Web Crawling
Crawl content from any public web page and import it into PuppyOne.
How it works
PuppyOne uses Firecrawl (opens in a new tab) to crawl web content:
- Enter a URL
- Firecrawl renders the page, including JavaScript
- The main content is extracted and converted to Markdown
- The result is stored as JSON
Usage steps
Step 1: Start the import
- Open your Project
- Click Import → URL
Step 2: Enter a URL
Paste the web page you want to crawl:
https://example.com/docs/getting-startedStep 3: Configure crawl options
| Option | Notes |
|---|---|
| Crawl depth | Whether to follow links into child pages, from 1 to 3 levels |
| Include paths | Crawl only matching paths such as /docs/* |
| Exclude paths | Skip specific paths such as /blog/* |
| Wait time | How long to wait for JavaScript rendering |
Step 4: Start crawling
Click Import and wait for crawling to finish.
Data structure example
{
"url": "https://example.com/docs/intro",
"title": "Quick Start Guide",
"content": "# Quick Start\n\nWelcome to our product...\n\n## Installation\n\n```bash\nnpm install example\n```",
"metadata": {
"description": "Homepage of the product docs",
"crawled_at": "2024-01-20T10:30:00Z"
}
}Crawl modes
Single-page crawl
Crawls only the URL you enter:
URL: https://docs.example.com/intro
Result: 1 pageMulti-page crawl
Follows links and crawls multiple pages:
URL: https://docs.example.com
Depth: 2
Include paths: /docs/*
Result: all pages under /docs/Example configurations
Crawl an entire documentation site
URL: https://docs.example.com
Depth: 3
Include: /docs/*, /guides/*
Exclude: /blog/*, /changelog/*Crawl just one page
URL: https://example.com/pricing
Depth: 0 # do not follow linksUse cases
Use case 1: Competitor documentation
Crawl a competitor's public docs so agents can perform comparison analysis.

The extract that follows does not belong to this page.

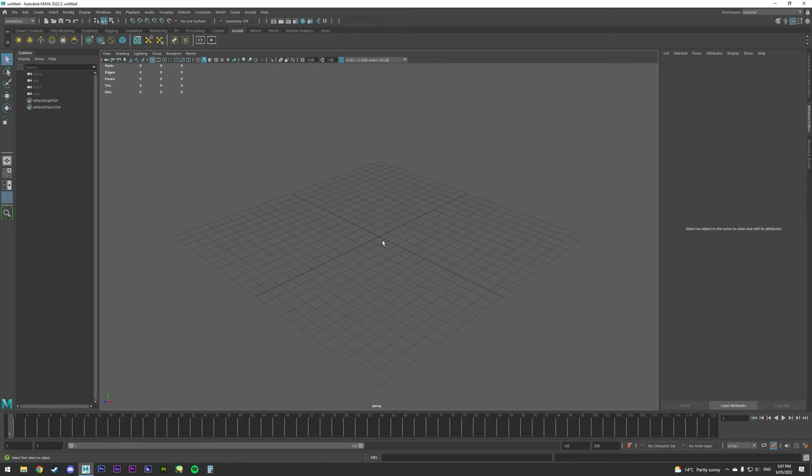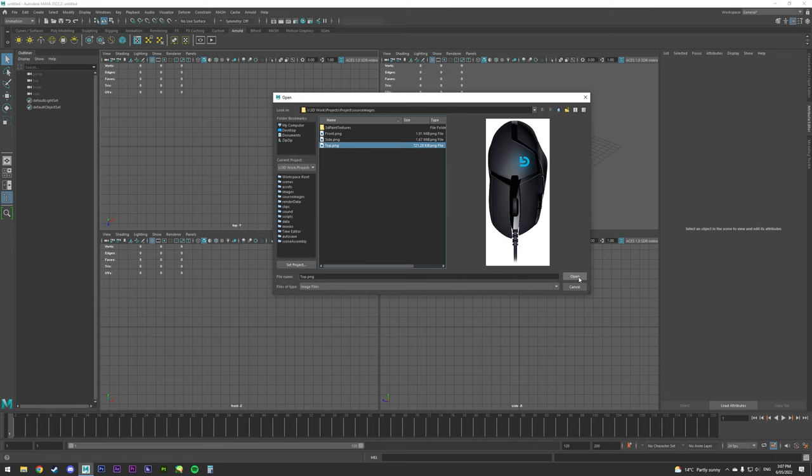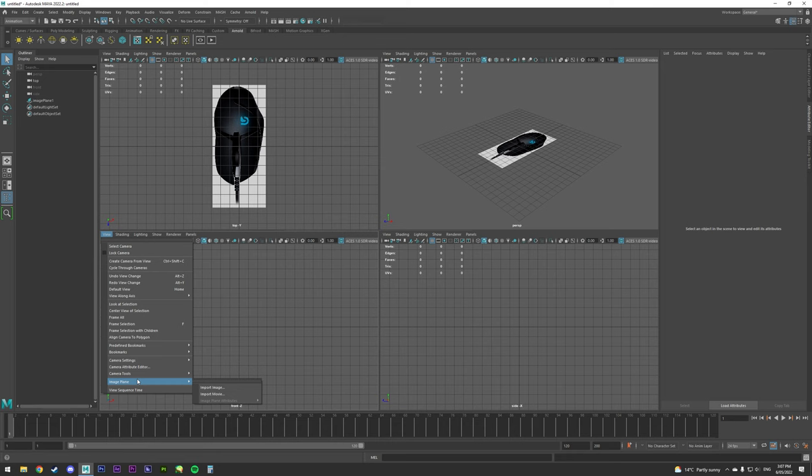Then in the top perspective, go to View > Image Plane > Import Image and select your top image. Then you can do the same for front and side view. You'll probably want to have these images in your project file, but you can have them wherever.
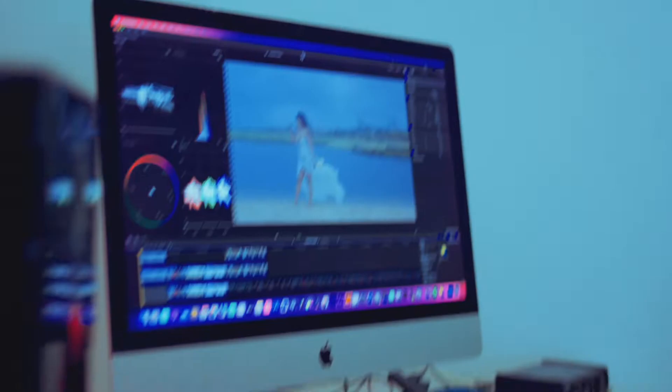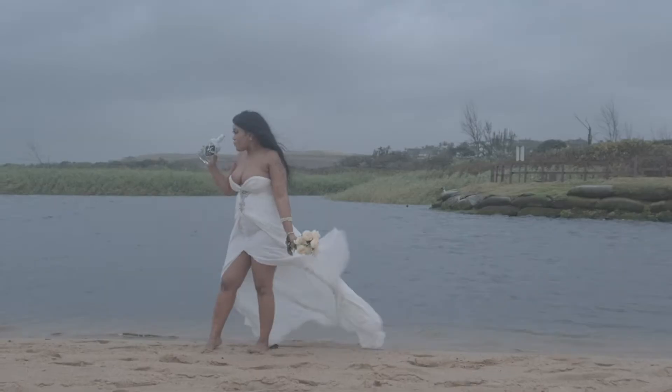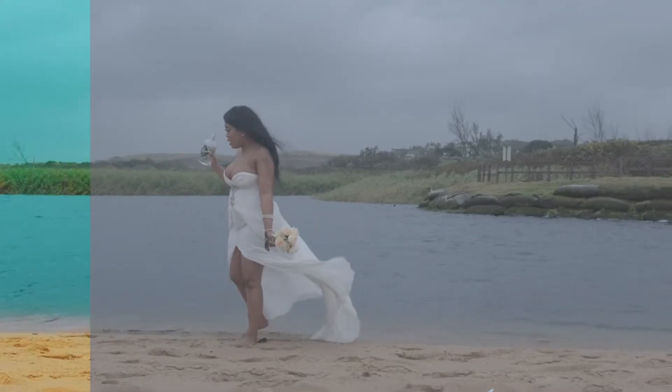Do you wanna know how I do my color grading? This is how I do it. Spot the difference.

Use case 2: Technical documentation
Crawl the official docs of a framework or library for use as reference material by engineering agents.
Use case 3: Product pages
Crawl your own public product pages to keep the agent knowledge base aligned with your website.
Limitations
| Limitation | Notes |
|---|---|
| Public pages only | Pages that require login cannot be crawled |
| Rate limits apply | Up to 100 pages per minute |
| Some websites may block crawling | Certain sites have anti-bot protections |
FAQ
Why is the crawl result empty?
- Check whether the URL is correct
- The page may require login
- The site may have anti-crawling protection
Why does the extracted content look messy?
Some complex pages, especially those with lots of dynamic content, may not extract cleanly. You can try increasing the Wait time so JavaScript fully renders first.
Can it crawl pages that require login?
Not yet. If the platform offers an API or export feature, that is usually the better option.